I don't want to give the idea that I disliked the movie, because I did find it entertaining and well-made, but all in all I'd say that I prefer Lumet's last film, the Brechtian courtroom drama Find Me Guilty, as a richer and weirder cinematic journey.

Wednesday, December 12, 2007

Margot at the Wedding (2007)

Back in 2005, Stephen King named The Squid and the Whale his favorite movie of the year and in the process called Jeff Daniels' character "an ego-driven monster who demonizes and nearly breaks his children's hearts and minds." So now Noah Baumbach gives us Nicole Kidman as the bride of the monster in his funny, abrasive new movie.

Like all great screen monsters, the brilliant thing about Kidman's Margot is that she doesn't think she's a bad person; travelling to her estranged sister's wedding to a cuddly slacker, she does what she does out of a misguided combination of well-meaning affection, obliviousness, and well-educated condescension. It's an excellent performance and a good reminder of why Kidman is such a good actress after so many clunkers. Kidman has always been too much in her own head to be a Hollywood sweetheart, like Julia Roberts or Reese Witherspoon, but as her career proceeds she might still be a colder Vanessa Redgrave.
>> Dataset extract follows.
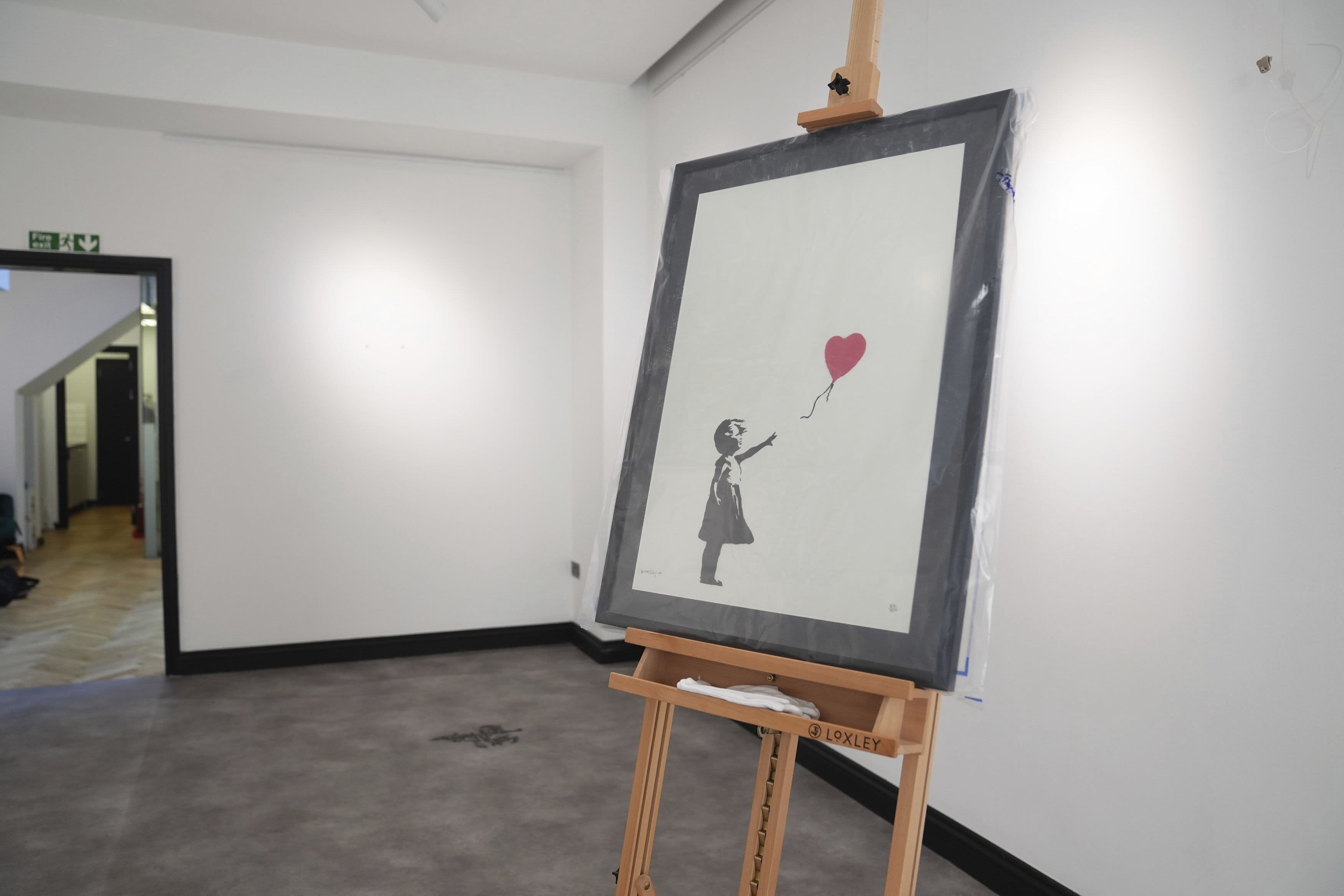 2 men are charged with stealing a famous Banksy artwork from a London gallery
Watching Margot at the Wedding is like watching a slow-motion car wreck, with Margot at the wheel (a metaphor that gets literalized towards the end of the movie) Of course, everyone that Margot comes in contact with is teetering on the verge of neurotic collapse to begin with, needing only a brief comment or two to topple. Watching a group of flawed upper-middle-class people bicker and destroy each others' lives might sound like worse torture porn than the Saw movies, but it works because of the strong performances (especially Kidman, Leigh, and Zane Pais as Kidman's son), but more importantly because Baumbach infuses the demolition derby with the kind of wry humor that you can only get from having been in these situations, realizing how awful and absurd it all is to begin with, the knowledge that ties that bind one to their family can just as easily be anchor chains dragging a person down. There's bitter truth in this movie, leavened by the comedy of experience. I liked it a lot.

Sunday, December 09, 2007

Southland Tales (2007)

First things first: this movie is a colossal mess, no doubt about it. Performances are uneven, storylines are muddled, and even while paying firm attention, it feels like you've nodded off and missed a reel's worth of exposition and character development. I think it's fair to say that Richard Kelly came down with a big case of beliving-his-own-hypeitis, which has afflicted such filmmakers as the Wachowskis and Shyamalan in recent years.

That said, I enjoyed this as a sort of time capsule for where we are in AD 2007 (or 2005, when the movie was shot) and as a better Philip K. Dick movie than, say, A Scanner Darkly, which I liked but which didn't really capture Dick's trippy, radically destabilized worldview as well as this movie. My vision of cinema is one in which narrative and normal Hollywood production values are less important than ideas and cinematic virtues. I'm fine with a sloppy, crazy movie as long as it delivers emotions and sustains interesting ideas in a visual sense. In other words, I'll take this movie over a sterile mediocrity like Beowulf any time.

So what the hell is going on here? It's basically an apocalyptic vision of American life in our times: paranoid, obsessed with celebrity, skeptical of authority, ravenous for something meaningful and authentic amidst our current postmodern hall of mirrors. Ironically for Conservatives who can't get beyond the Bush-bashing in this movie, it's a movie with a heartfelt Messianic yearning, with a magical tattoo of the weeping Christ that appears on Dwayne "Don't call me The Rock" Johnson's back at the climax, a character played by Sarah Michelle Gellar named "Krysta Now", and an ending that seems to leave the future of the world in a transfigured, apocalyptic state.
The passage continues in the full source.